**SUPPLIED DATA:**
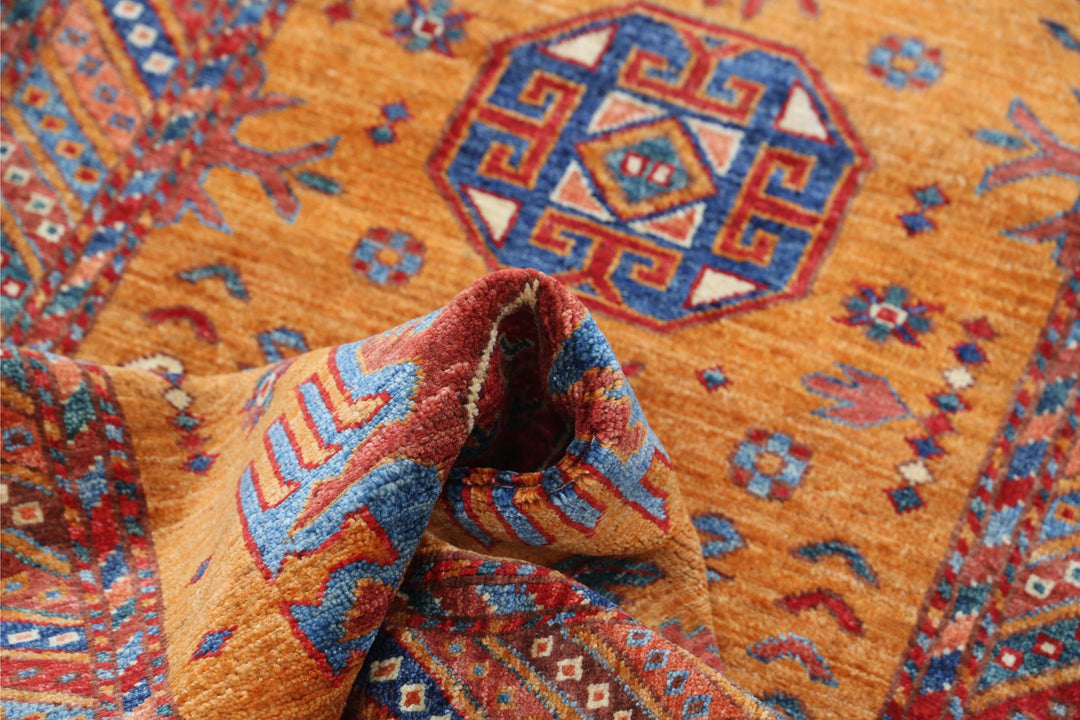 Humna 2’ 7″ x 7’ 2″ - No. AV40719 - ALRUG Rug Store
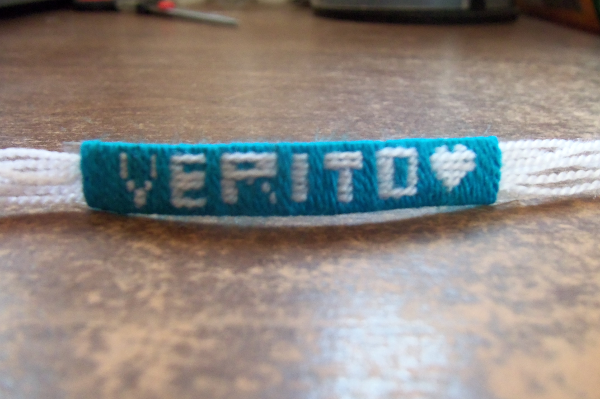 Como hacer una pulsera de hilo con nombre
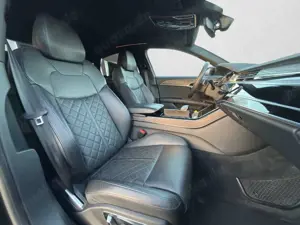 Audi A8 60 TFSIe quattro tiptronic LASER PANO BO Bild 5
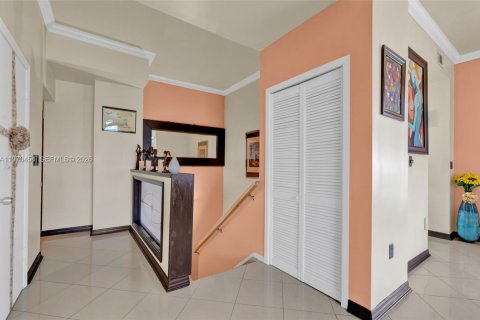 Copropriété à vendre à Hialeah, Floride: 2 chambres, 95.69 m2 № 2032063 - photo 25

**PROBLEM:** When you reach a picture, pass over it; write out all other material exactly.

**ANSWER SECTION:**
 Humna 2’ 7″ x 7’ 2″ - No. AV40719 - ALRUG Rug Store
 Como hacer una pulsera de hilo con nombre
 Audi A8 60 TFSIe quattro tiptronic LASER PANO BO Bild 5
 Copropriété à vendre à Hialeah, Floride: 2 chambres, 95.69 m2 № 2032063 - photo 25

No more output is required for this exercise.